La souffrance du musicien
Face à la matrice musicale numérique étendue, les musiciens ne savent souvent que... se plaindre au ciel. Lorsque les chansons sont utilisées illégalement de manière anarchique, le propriétaire d'une chaîne a déclaré: "Nous n'avons pas le pouvoir de payer les droits d'auteur. YouTube percevra automatiquement les droits d'auteur des musiciens. YouTube dispose d'un système technique pour identifier les mélodies des chansons, et conserve toujours une partie des revenus publicitaires de la chaîne pour payer les droits d'auteur".
Cependant, presque aucun musicien ne connaît cet argent. Un musicien a déclaré au journaliste de Lao Dong: "YouTube et certaines plateformes ne contacteront pas directement le musicien. Ils ne garderont l'argent que là. Si le musicien le sait, il autorise quelqu'un à venir le récupérer, s'il ne le sait pas, alors... c'est tout".
Dans le cas des organisateurs de spectacles (tels que May Saigon, Lululola...), lorsqu'ils demandent la licence d'auteur, ils ne demandent que la permission de se produire en direct pour la soirée de vente de billets.
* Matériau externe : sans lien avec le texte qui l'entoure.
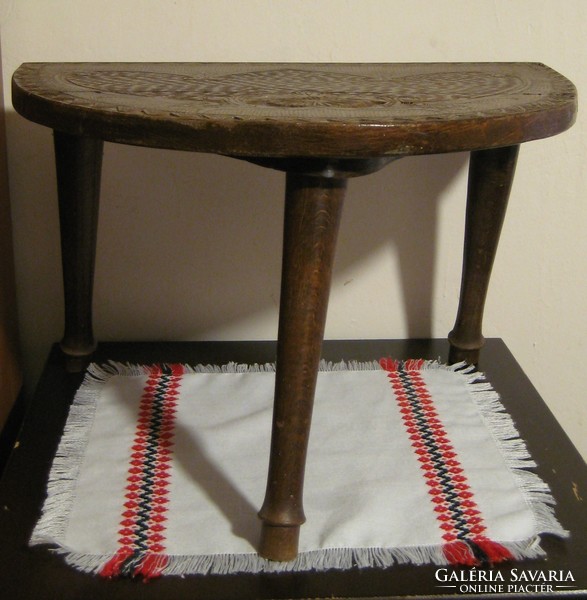 Folk baroque small chair with copper veins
Immédiatement après, ils ont enregistré et filmé la soirée et l'ont diffusée dans tout l'espace numérique. Selon la loi, la retransmission sur les plateformes numériques nécessite également de payer les droits d'auteur une fois de plus, mais elle est facilement ignorée par les unités...
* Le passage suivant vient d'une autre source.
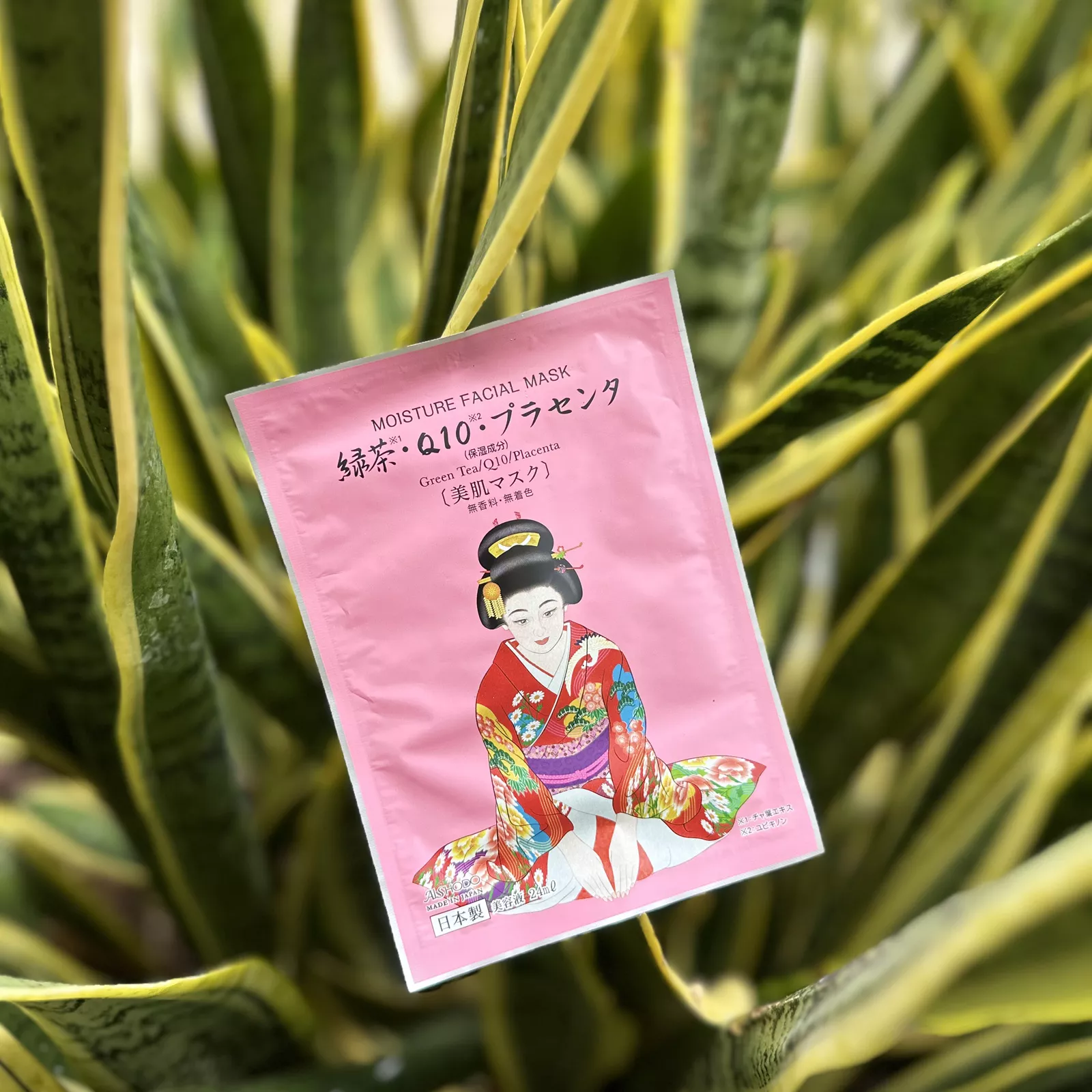 Увлажняющая маска для лица на основе зеленого чая и коэнзимов Q10 Айшодо Майко, Aishodo Maiko Moisture Facial Mask Green Tea/Q10/Placenta.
Les unités qui organisent des spectacles et produisent du contenu vendent également des vidéos et des enregistrements sonores de spectacles à des entreprises telles que BH Media et immédiatement, BH Media apporte cet enregistrement pour l'enregistrer sur Content ID.
La chaîne "d'approvisionnement" pendant de nombreuses années a manipulé le marché de la musique numérique, en contournant la loi, en ignorant de nombreuses étapes de négociation et de paiement des droits d'auteur.
S'adressant à Lao Dong sur les droits d'auteur et les droits d'auteur musicaux dans le cyberespace, le musicien Dong Thien Duc a déclaré que l'ouverture d'une série d'affaires de violation des droits d'auteur montre que les droits de propriété intellectuelle au Vietnam sont progressivement perçus comme un "bien réel", qui n'est plus un concept formel.
Selon lui, le traitement énergique des autorités compétentes reflète également l'orientation de la construction d'une industrie culturelle professionnelle et plus intégrée. Ceci est très nécessaire lorsque l'économie créative se développe de plus en plus, la valeur de la matière grise et des idées peut être supérieure aux biens matériels.